This invention relates generally to laser gyroscopes and more particularly to pathlength stabilization systems used therein.
As is described in my U.S. Pat. No. 3,741,657, assigned to the same assignee as the present invention, a ring laser having a polarization dispersive path produces four radiant energy waves, each one of such waves having a different frequency, one pair thereof traveling in a clockwise direction and the other pair thereof traveling in a counterclockwise direction. The propagation times of the waves are such that the pair of frequencies of the waves traveling in one direction, say the counterclockwise direction, is positioned between the frequencies of the waves traveling in the opposite, or clockwise, direction. Movement of the laser, for example, by rotation of the system about an axis perpendicular to the path, produces frequency shifts of the pair of waves propagating in one direction through the laser which are opposite to the frequency shifts of the waves moving in the opposite direction through the laser. This, in turn, produces changes in the frequency separation between the lower frequencies of each said pair oppositely to a change in the frequency separation between the higher frequencies of each of said pairs. The difference between such changes is, substantially, a linear function of the rate of said rotation and the relative sense of such difference is indicative of the direction of said rotation.

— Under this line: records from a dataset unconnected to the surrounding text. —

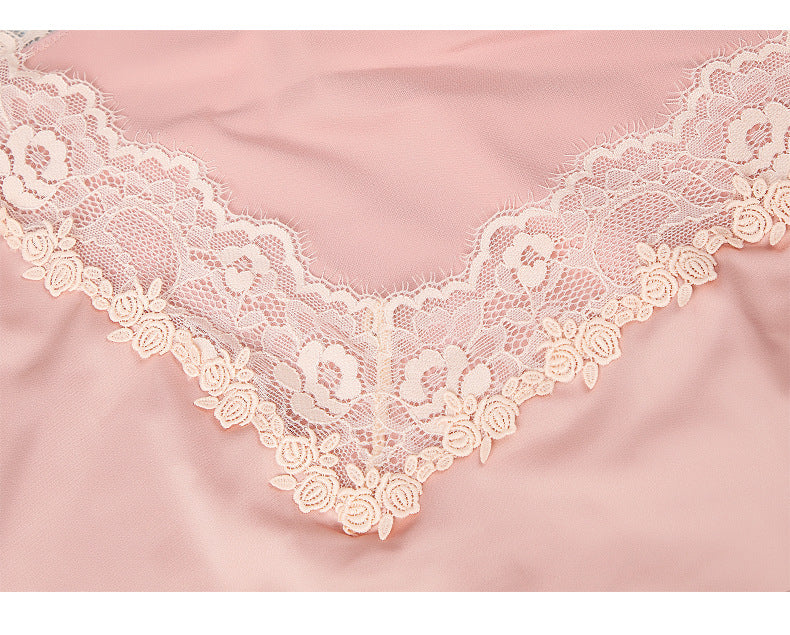 VenusFox Light Luxury Sexy Lingerie Sexy Lace Water Soluble Flower Lace Split Skirt Suspender Nightdress
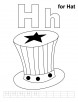 H for hat coloring page with handwriting practice 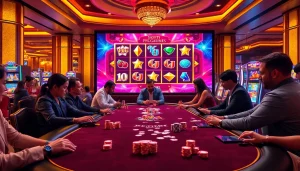 Engaging players enjoying pg slot games at a luxurious casino table with vibrant graphics.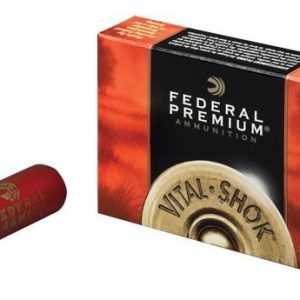 Red and gold federal premium ammunition box and shotgun shells labeled vital-shok buckshot.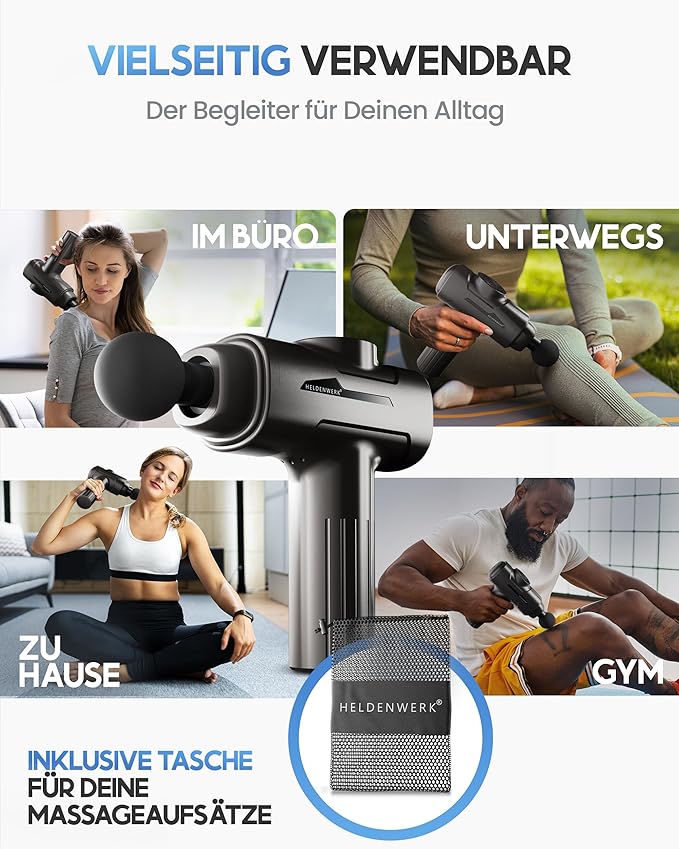 Heldenwerk Massagepistool met 6 Massagekoppen – Spiermassageapparaat 3200 rpm, USB-C Oplaadbaar - Grijs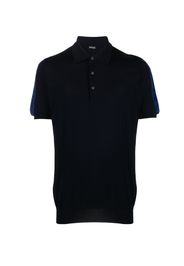 Kiton logo-tape polo shirt - Blu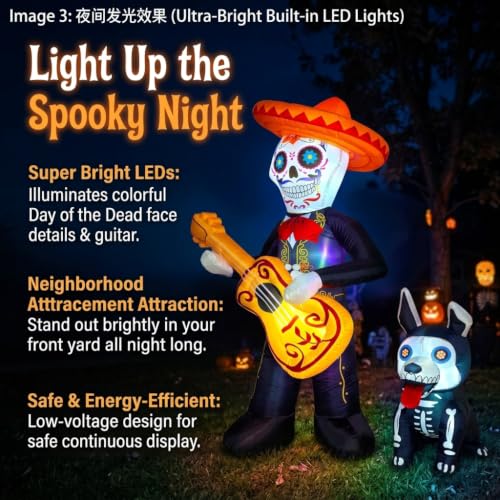 6 FT Halloween Inflatable Skeleton with Mariachi Guitar & Puppy - Outdoor Decor, Bright LEDs, Festive Yard Display (Skeleton)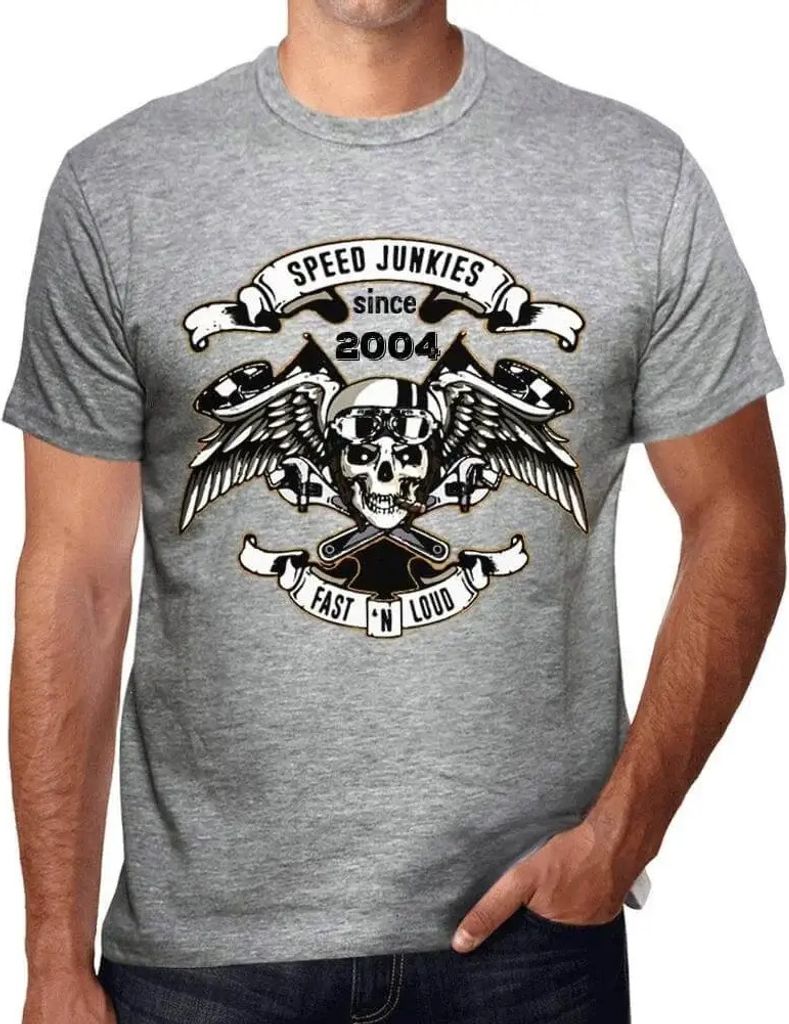 Herren Grafik T-Shirt Schnelle und laute Geschwindigkeitsjunkies seit 2004 – Fast and Loud Speed Junkies Since 2004 – Geschenk 20. Geburtstag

It is generally desirable in operation of such laser gyroscope that the lower frequency of each pair of frequencies is positioned below the maximum gain frequency. More specifically, the frequencies of each pair are maintained substantially equidistant above and below the maximum gain or center frequency of the laser. As described in my U.S. patent, referenced above, such positioning of the frequencies is accomplished by a pathlength stabilization system wherein a pair of photodetectors is included, one of such photodetectors being responsive to the waves in the lower pair of frequencies and the other one being responsive to the waves in the upper pair of frequencies. The output signals of the pair of photodetectors are filtered and passed to a differential amplifier. The differential amplifier produces a control signal proportional to the difference between the power level of the waves in the upper and lower pairs of frequencies. The control signal is then fed to a piezo-electric crystal included in the support means for one of the reflectors to change the position of such reflector thereby determining the pathlength of the laser. Hence, the pathlength of the laser is stabilized in accordance with the difference in power levels between the upper and lower pairs of frequencies to compensate for mechanical movement of portions of the system with respect to each other, thereby keeping the four frequencies positioned symmetrically about the center maximum gain curve of the laser medium.
While such pathlength stabilization system has been found adequate in many applications, any unbalance between the characteristics of the pair of photodetectors produces concomitant errors in the desired pathlength stabilization. Still further, because both clockwise and counterclockwise waves are used in pathlength stabilization and because such waves pass to the pair of photodetectors through different optical elements, errors in the desired stabilization may result from such elements.